Microsoft to enforce number matching in Authenticator app. Updated May 2023.

by | Feb 6, 2023 | Security, Office 365, Windows

a screenshot from Microsoft with number matching as an MFA method
From the Microsoft Blog.

Beginning May 8, 2023, Microsoft will start enforcing number matching for all users who have MFA enabled on their Microsoft 365 account. Number matching in authentication procedures refers to displaying a number on one device (typically a cell phone, wherever you may have the Microsoft Authenticator app), and choosing the number that matches what is displayed on your computer login screen.  

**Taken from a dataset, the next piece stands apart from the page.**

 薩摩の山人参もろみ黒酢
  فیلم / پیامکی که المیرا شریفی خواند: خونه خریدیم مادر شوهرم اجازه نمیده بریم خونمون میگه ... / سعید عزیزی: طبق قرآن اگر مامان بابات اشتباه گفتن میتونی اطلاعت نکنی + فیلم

It is a method that increases security, and a move from Microsoft to lessen phishing attempts via MFA fatigue. MFA fatigue was seen famously earlier this year with the security breach from Uber. In an MFA Fatigue attack, threat actors will send countless requests for logins, to the extreme point that users may accept the request, just to stop the notifications.  

Though Microsoft will begin to deploy number matching starting May 8, they recommend enabling number matching for your organization now, in order to guarantee a seamless transition.  

Number matching is supported in the following scenarios: 

  • Multifactor authentication 
  • Self-service password reset 
  • During Authenticator app set up 
  • Azure FS adapter 
  • NPS adapter 

In addition to number matching, Microsoft will start providing more context to sign-in requests, namely location of sign-in attempt and which app is requesting a sign-in. 

At the TEC 2022 conference, Microsoft VP for Identity Security, Alex Weinert, reported a measly 26.84% of Microsoft 365 users who have enabled multifactor authentication. For administrators in a company, that number crawls up to 34.15%. If you are not requiring MFA on your Microsoft accounts, you are leaving your business and your data at risk. Please contact SpireTech for assistance with enforcing MFA on your Microsoft 365 accounts. 

With the updates coming later this month, Microsoft Authenticator will have the same level of security as Windows Hello and FIDO-2 keys.  

These small changes add multiple layers of security to any organization and are far worth the annoyance of a few more steps before a login. Human error leads to most security breaches—secure your organization with the additional step as soon as you comfortably can.